So, why are customers declining these seemingly favorable opportunities?

The reason is delayed gratification, which diminishes the value of a program. With standard loyalty programs, it takes an average of six months — sometimes as long as 16 months — for customers to earn an incentive. For this reason, providing consumers with instant and goal-oriented rewards is imperative to increase purchase rates.

Optimizing Loyalty Programs With Customer Engagement Strategies

With the accumulation of unredeemed points and rewards, brands must develop strategies to maximize program engagement. “70% [of customers] are more likely to recommend a brand if they have a good loyalty program,” states Michael Klein, Global Director of Industry Strategy and Marketing at Adobe.

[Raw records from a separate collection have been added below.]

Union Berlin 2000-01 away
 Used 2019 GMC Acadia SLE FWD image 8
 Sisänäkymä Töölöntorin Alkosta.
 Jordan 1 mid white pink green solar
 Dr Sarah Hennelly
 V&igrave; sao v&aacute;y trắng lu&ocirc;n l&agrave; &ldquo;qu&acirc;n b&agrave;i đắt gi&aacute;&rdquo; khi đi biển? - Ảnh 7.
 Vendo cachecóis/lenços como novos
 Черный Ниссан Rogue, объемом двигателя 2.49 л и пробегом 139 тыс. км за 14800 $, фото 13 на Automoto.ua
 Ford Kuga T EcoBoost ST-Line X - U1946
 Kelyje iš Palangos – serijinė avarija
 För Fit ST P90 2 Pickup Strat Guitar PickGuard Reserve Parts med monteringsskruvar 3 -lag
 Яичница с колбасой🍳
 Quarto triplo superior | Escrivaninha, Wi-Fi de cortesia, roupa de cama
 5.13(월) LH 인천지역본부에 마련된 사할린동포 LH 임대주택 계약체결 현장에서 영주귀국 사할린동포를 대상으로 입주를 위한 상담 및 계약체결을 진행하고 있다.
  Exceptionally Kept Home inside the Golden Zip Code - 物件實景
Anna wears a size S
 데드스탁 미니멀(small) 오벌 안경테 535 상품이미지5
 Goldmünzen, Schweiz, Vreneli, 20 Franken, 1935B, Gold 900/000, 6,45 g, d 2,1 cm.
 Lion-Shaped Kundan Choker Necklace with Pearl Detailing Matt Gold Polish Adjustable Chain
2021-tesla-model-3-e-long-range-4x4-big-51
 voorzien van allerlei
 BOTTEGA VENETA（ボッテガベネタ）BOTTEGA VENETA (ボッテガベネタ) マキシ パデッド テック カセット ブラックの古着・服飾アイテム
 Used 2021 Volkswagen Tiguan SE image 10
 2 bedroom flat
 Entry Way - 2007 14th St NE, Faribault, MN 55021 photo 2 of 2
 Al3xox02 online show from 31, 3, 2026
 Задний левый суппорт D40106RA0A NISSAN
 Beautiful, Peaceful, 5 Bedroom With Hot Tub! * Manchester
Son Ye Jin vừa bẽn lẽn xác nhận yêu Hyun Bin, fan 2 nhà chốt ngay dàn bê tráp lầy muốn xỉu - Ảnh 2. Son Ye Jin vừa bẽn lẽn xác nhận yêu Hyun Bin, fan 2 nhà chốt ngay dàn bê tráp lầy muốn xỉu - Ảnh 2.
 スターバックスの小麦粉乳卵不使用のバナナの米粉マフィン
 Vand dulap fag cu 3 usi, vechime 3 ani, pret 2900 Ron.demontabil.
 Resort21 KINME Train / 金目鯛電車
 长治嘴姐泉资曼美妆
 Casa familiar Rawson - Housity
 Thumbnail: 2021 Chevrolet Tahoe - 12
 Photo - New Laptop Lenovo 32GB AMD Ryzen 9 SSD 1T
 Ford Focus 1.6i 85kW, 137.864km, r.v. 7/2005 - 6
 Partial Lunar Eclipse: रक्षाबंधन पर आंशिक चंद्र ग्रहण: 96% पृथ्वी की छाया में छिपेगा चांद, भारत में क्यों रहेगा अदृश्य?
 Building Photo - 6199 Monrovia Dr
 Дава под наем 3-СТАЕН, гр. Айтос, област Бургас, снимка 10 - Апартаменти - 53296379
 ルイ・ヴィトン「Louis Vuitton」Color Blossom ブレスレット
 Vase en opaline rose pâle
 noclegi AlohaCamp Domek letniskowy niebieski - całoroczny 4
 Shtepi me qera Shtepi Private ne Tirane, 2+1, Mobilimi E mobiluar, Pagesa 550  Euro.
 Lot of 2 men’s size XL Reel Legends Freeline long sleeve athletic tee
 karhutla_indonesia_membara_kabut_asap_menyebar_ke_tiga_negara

When creating effective programs, it’s ideal to combine easily attainable rewards with long-term aspirational ones. This requires clearly communicating how the customer can benefit from each reward to enhance its value proposition and relevance.

Case in point, Kohl’s and Old Navy offer cash rewards that require customers to make a second purchase to redeem the reward. This gives consumers a goal to work toward while building loyalty and brand profitability.

Loyalty Program Alternatives: Customer Personalization

While loyalty programs aim to increase ROI for your business, some companies feel these programs are too large of an investment and cannot obtain value from them.

So, what other actions can you take to expand customer retention efforts?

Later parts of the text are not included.